Se un ambicnte marino non può essere sottoposto a tutela paesaggistica, ciò vale certamente per tutti gli uffici del Dipartimento. Del resto, a parte le difficoltà di ordine pratico dì attribuire un simile potere alla Soprintendenza del Mare (ruolo e competenze della Commissione Provinciale, ecc.) il vincolo paesaggistico di questi contesti non potrebbe svolgere alcuna pratica funzione, perché esso serve a proteggere le aree sensibili a trasformazioni permanenti, in particolare di tipo edilizio ed infrastrutturale. L’istanza di sensibilizzazione verso i valori paesaggistici rivestiti indubbiamente dal mare e dalle acque in genere passa allora da altri strumenti ed iniziative, tra i quali rilevano quelli che la Soprintendenza del Mare assicura nell’ambito della valorizzazione del patrimonio culturale subacqueo. .
Sotto il profilo della tutela, gli interventi che ricadono in acqua investono le funzioni di questa Amministrazione soltanto se e in quanto incidono anche su ambiti costieri protetti: le relative potestà di autorizzazione sono attribuite dunque in via esclusiva alle Soprintendenze per i Beni Culturali ed Ambientali. Prospettare un appesantimento procedurale, quale ad esempio una doppia autorizzazione, una delle Soprintendenze “ordinarie” e l’altra della Soprintendenza “speciale”, si risolverebbe in un onere indebito per la rcalizzazione di opere di interesse pubblico quali porti e strutture assimilate, che, in Sicilia, sconterebbero quindi una procedura autorizzativa aggravata di difficile inquadramento e di dubbia legittimità.

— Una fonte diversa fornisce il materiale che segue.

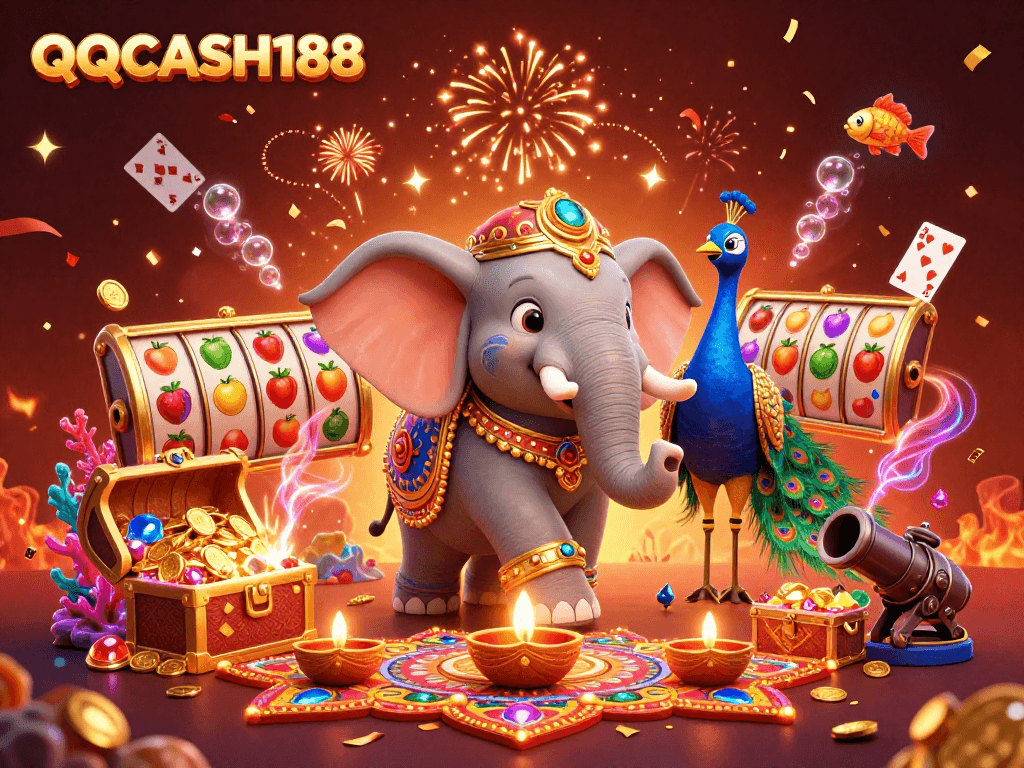 Experience QQCASH188 excitement with animated slots, colorful gems, and a vibrant casino atmosphere.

I rapporti tra gli uffici preposti alla tutela delle coste e quello che cura la valorizzazione dei beni sommersi vanno quindi ricondotti a ragionevoli criteri.
Ne discende che l’adozione dei provvedimenti dichiarativi dell’interesse culturale ed ambientale dei beni sono riservati ai poteri di impulso e di proposta delle Soprintendenze per i Beni Culturali ed Ambientali, alle quali spettano le funzioni di vigilanza dettate dal Codice.

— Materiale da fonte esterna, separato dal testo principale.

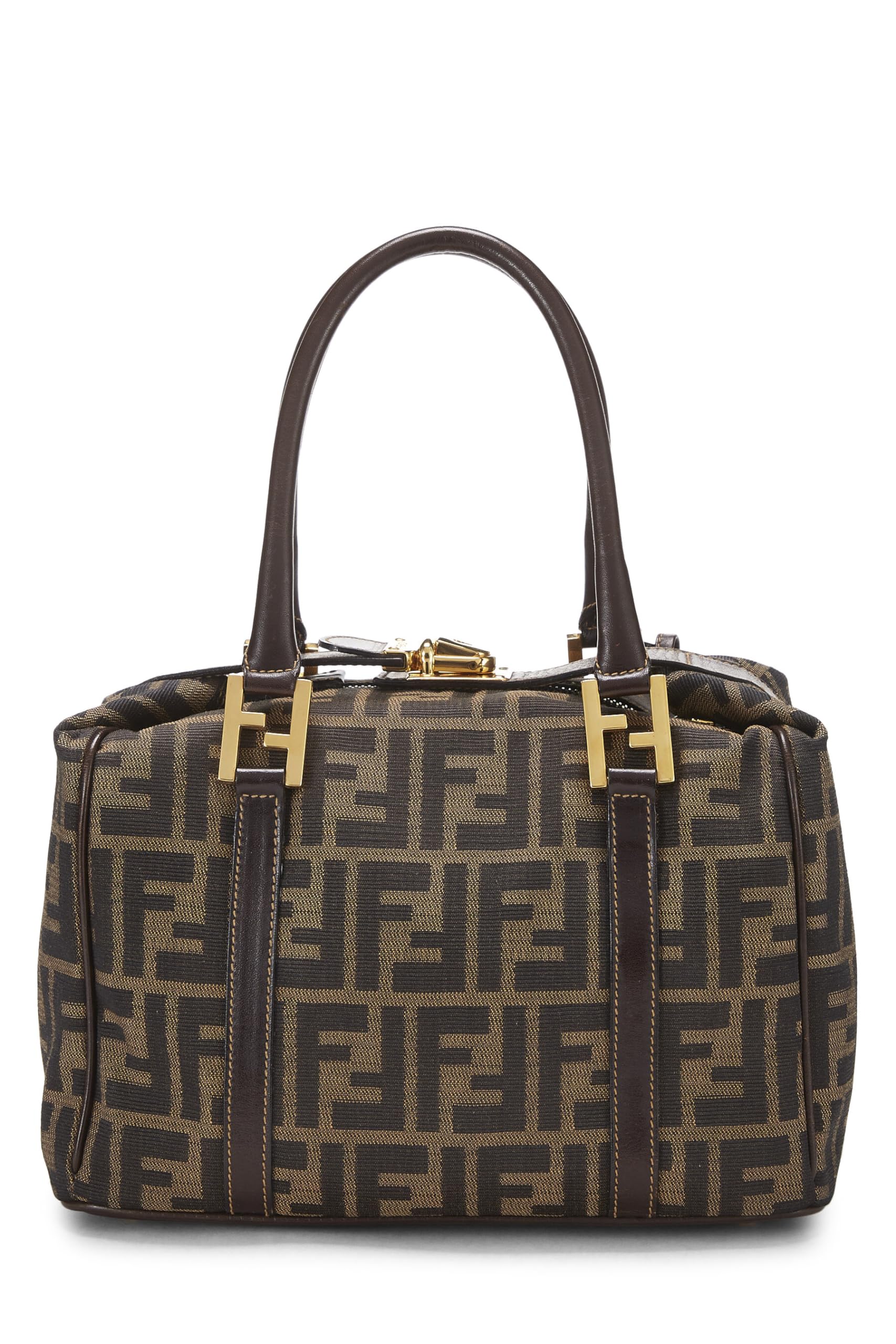 Fendi, Brown Zucca Canvas Convertible Handbag Small, Brown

Pertanto, in tutti casi nei quali le funzioni di tutela investono l’attività delle Soprintendenze per i Beni Culturali ed Ambientali e però esse richiedono, intuitu materiae, il contributo di studio e di ricerca della Soprintendenza del Mare, quest’ultima può essere coinvolta dalla Soprintendenza competente e ciò sia nella fase di indagine e di verifica dell’interesse culturale dei beni sommersi, sia nelle procedure autorizzative conseguenti.
Al riguardo, la Soprintendenza del Mare può comunque porre in essere ogni atto propulsivo e di intervento, in considerazione delle sue specifiche attribuzioni e cognizioni in tema di individuazione dei beni culturali subacquei, oltre che di loro messa in valore, che le riservano le funzioni di ricerca a mare e quelle consultive rispetto agli atti di tutela delle Soprintendenze per i beni culturali e ambientali.
Per la tutela dei beni culturali subacquei, come pure per la loro acquisizione e messa in sicurezza (art. 12 D.Lgs. 42/04), la Soprintendenza del Mare agisce quindi su richiesta delle competenti Soprintendenze e formula ad esse, anche d’ufficio, confacenti e motivate proposte, ferma restando la titolarità di queste ultime all’adozione dei provvedimenti di legge.
Questo criterio comportamentale, atto ad ordinare l’attività degli istituti del dipartimento, evitando conflitti di attribuzioni e aggravi procedurali impropri, porta ad evidenti momenti di coordinamento e di intesa, che le SS.LL. non mancheranno di porre in essere.